Short descriptive text snippets:
<<<<
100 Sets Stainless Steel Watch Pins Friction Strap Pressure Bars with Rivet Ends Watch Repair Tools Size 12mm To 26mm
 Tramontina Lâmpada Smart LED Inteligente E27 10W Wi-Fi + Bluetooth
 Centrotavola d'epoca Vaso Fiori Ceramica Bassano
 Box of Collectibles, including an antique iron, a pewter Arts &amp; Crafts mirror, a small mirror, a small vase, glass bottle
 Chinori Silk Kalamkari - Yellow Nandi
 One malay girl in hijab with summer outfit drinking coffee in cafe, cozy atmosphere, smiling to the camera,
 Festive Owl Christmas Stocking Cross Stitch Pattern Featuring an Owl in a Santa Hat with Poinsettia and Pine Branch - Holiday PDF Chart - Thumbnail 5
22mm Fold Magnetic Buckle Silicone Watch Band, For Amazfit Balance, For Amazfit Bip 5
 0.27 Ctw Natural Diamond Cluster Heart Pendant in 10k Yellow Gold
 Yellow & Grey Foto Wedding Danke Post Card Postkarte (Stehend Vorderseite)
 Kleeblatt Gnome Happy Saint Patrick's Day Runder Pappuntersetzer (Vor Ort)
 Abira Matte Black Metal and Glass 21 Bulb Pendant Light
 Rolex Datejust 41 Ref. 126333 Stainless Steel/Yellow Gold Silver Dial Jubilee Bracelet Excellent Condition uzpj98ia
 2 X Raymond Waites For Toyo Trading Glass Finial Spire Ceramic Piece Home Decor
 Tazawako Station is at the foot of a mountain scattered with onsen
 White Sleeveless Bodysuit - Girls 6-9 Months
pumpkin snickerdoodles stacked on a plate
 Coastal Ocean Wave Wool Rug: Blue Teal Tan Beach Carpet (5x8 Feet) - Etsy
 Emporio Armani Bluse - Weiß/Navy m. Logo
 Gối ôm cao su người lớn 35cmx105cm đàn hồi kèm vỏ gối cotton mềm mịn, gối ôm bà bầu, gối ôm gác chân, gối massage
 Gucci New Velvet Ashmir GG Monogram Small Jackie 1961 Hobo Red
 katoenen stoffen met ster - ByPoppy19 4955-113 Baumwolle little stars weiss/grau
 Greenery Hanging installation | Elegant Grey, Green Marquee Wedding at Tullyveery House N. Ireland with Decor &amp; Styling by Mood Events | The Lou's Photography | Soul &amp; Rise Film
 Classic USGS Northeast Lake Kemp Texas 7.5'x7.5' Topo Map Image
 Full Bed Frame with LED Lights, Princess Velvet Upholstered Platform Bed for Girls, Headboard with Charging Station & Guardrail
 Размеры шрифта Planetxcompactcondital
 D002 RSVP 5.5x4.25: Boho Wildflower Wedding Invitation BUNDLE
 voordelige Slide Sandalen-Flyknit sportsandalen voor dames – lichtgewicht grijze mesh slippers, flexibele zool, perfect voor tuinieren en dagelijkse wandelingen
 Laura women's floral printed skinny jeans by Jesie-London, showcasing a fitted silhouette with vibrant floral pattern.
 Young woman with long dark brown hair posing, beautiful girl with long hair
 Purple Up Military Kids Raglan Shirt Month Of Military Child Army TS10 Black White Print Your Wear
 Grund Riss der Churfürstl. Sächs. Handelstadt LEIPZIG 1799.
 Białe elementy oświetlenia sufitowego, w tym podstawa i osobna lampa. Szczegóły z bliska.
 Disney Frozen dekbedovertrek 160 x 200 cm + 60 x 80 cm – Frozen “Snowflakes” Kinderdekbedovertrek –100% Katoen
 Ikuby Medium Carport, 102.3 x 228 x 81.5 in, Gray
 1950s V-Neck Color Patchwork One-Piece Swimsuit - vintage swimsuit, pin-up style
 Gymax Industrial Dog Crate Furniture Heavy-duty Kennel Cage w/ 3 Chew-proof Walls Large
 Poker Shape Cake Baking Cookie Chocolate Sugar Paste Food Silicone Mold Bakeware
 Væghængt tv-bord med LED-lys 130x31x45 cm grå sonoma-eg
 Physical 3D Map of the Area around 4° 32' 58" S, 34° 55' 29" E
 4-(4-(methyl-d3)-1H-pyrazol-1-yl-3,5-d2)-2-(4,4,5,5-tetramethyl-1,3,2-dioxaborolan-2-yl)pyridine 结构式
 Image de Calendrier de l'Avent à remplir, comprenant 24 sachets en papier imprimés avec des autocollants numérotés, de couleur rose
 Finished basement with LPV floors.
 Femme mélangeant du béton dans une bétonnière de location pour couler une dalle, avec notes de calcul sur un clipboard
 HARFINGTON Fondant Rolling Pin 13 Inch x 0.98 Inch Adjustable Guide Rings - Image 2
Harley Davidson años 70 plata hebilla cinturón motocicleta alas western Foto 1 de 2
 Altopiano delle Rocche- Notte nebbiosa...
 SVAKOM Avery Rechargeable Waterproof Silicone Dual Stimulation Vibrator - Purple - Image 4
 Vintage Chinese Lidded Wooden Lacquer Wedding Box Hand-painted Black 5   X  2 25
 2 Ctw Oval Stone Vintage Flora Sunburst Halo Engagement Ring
>>>>
Look above for the line with "Greenery Hanging installation" and the line with "Classic USGS Northeast", and reproduce exactly those two lines plus every line between, nothing more.

→ ANSWER SPACE:
 Greenery Hanging installation | Elegant Grey, Green Marquee Wedding at Tullyveery House N. Ireland with Decor &amp; Styling by Mood Events | The Lou's Photography | Soul &amp; Rise Film
 Classic USGS Northeast Lake Kemp Texas 7.5'x7.5' Topo Map Image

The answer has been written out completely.